Le couple était le liant de tout un paquet d’aménagements terrestres. Maintenant que ça a sauté, tout est reconsidéré… C’est bien, ça demande de faire de nouveaux choix, en accord avec son nouveau soi…. La vie n’est pas mal fagotée, tout va finalement s’assembler dans une configuration nouvelle, jamais considérée, et finalement parfaite.

Ce qui est intéressant, c’est que les choix que nous faisions en tant que « couple » ne sont plus les mêmes maintenant.

Plus les mêmes du tout… ça révèle à quel point nous faisions des compromis, à quel point on se coupait des bras et des jambes pour « entrer dans la même voiture ».

Aujourd’hui j’en suis convaincue : nos deux enfants nous ont choisi pour s’incarner. Ils nous ont choisi comme parents. On a cru qu’on devait « assumer » le fait d’avoir eu des enfants en restant ensemble à tout prix.

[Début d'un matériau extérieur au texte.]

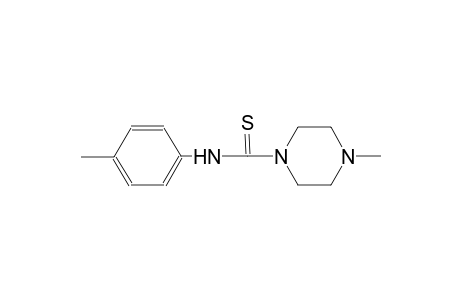 4-methyl-N-(4-methylphenyl)-1-piperazinecarbothioamide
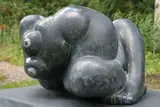 Hills of the North Rejoice Black Kilkenny Limestone 138cm high, 91cm wide excluding plinth; 204cm high, 102cm wide overall On view at: The Sculpture Park by Nicolas Moreton Arbs, sculpture, offered Jul 2019
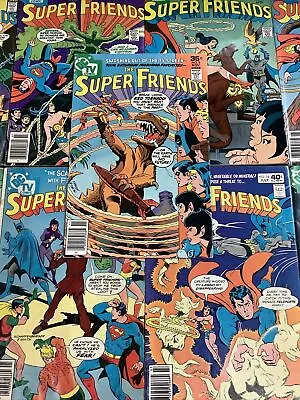 Buy SUPER FRIENDS #8 11 12 19 20 31 32 34 39 DC Comic Books SUPERMAN BATMAN AQUAMAN • 40.02£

Mais ils ne nous ont pas forcément demandé ça en venant s’incarner avec nous.

L’injonction venait d’ailleurs… Mémoires familiales, société… ?

J’ai l’impression que nos enfants ont surtout envie qu’on soit en accord avec nous mêmes.

Séparés ou ensemble, qu’importe mais en joie !

Maintenant que cette configuration de couple n’est plus… Je dois me retrouver.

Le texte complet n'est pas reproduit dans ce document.